そこは、事業部ごとの取り組みをメインにしています。全社としての横串を通す動きは必要最低限なものに絞って、各事業をいかに強くしていくかというテーマに沿った取り組みをメインに推進してきました。 組織をマネジメントする方法として、「トップダウン型」と「事業部主体型」があるとしたら、弊社は後者の「事業部主体型」。事業部には「弁護士ドットコム」 の部門の他に、別のポータルサイト「税理士ドットコム」「ビジネスロイヤーズ」や、Web 完結型のクラウド契約サービス「クラウドサイン」の部門がそれぞれ事業部としてあります。人事はそれぞれの事業責任者が裁量を持って意思決定していくことを支援する役割です。

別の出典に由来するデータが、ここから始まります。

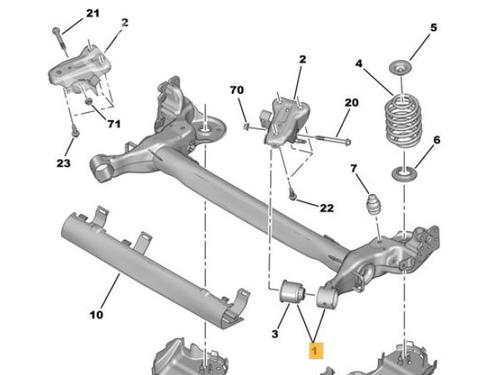 Eixo traseiro PEUGEOT 2008 I (CU_) 1.6 BlueHDi 100 (100 hp) 16383287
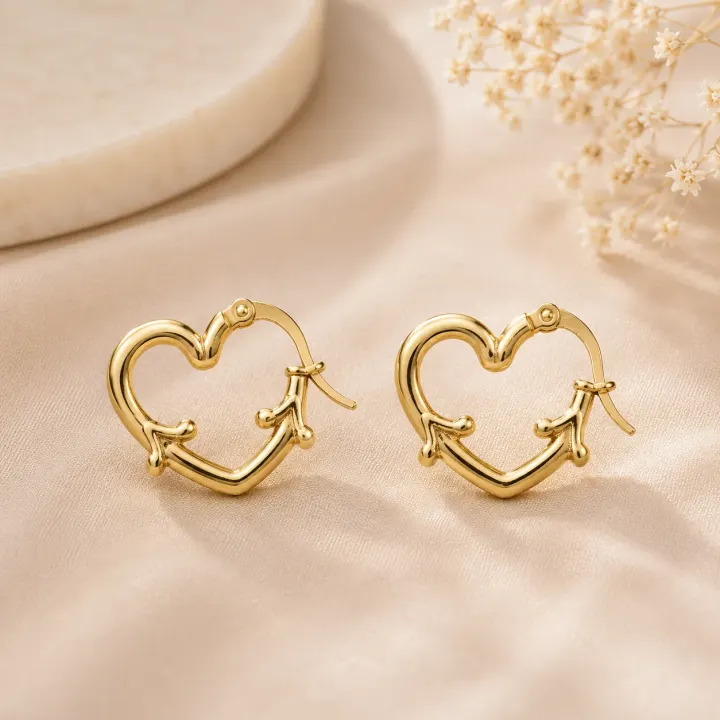 Anti-Tarnish Heart Hoops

それでいうと、弊社はトップダウン型ですね。「世界のトップ企業を創る」というのが創業者のビジョンで、不動産領域はテクノロジー化が圧倒的に遅れているからこそ、トップになれると本気で信じて突き進んでいます。採用時に「一緒にトップカンパニーを目指したい」というメッセージを伝えつづけ、それを達成することに喜びを感じられるか、テクノロジーで世の中を変えることにわくわくできるかという視点で人をみています。
弊社も、創業時はトップダウン型でしたが、 事業が多角化するに応じて、少しずつ権限移譲を進めました。人材採用に関しては、事業が大事にしたい価値観への共感を重視して採用しています。各事業によって、事業領域・ ビジネスモデル・事業フェーズが異なっているため、採用したいターゲットも事業によって異なります。そのため、採用についても事業部主導で行っている状況です。GA technologies さんは、トップダウン型でどのように事業を推進しているんですか?
弊社は、組織変更が月単位で起こるほど変化が激しいのですが、組織の形そのものが事業戦略を表しているんです。例えば「この四半期はカスタマーサクセスを伸ばしたい」となれば、社長がその部門やプロダクトのトップになる。社長がどの事業に注力したいかを明確にして動くので、社員は「ここが今の会社の注力部門だ」 という意識が働きます。まずはトップ自ら背中を見せて、プロセスを考えさせるということが多いですね。
理想とする組織と人事のあり方
続いて、理想とする組織のあり方とそれに向き合う人事のあり方についてお聞きします。組織拡大フェーズにある中、 人事として会社から何を求められていると思いますか?
これからのフェーズで大事なのは「らしさ」の定義だと思います。事業が多角化し、急激に従業員が増えていくと、創業期からいるメンバーであれば暗黙知で価値観を共有できていたところが通用しなくなります。この1年は特に、事業部への権限委譲を進めることで組織の縦軸を強化してきたので、全社共通の“らしさ” は希薄化の傾向があります。採用において譲れないものは何か、入社後の目標設定や評価など、全社として大切にしたい “らしさ” とは何か。定義をもう一度考え、それにもとづいて人事評価制度を設計することが大事だと思っています。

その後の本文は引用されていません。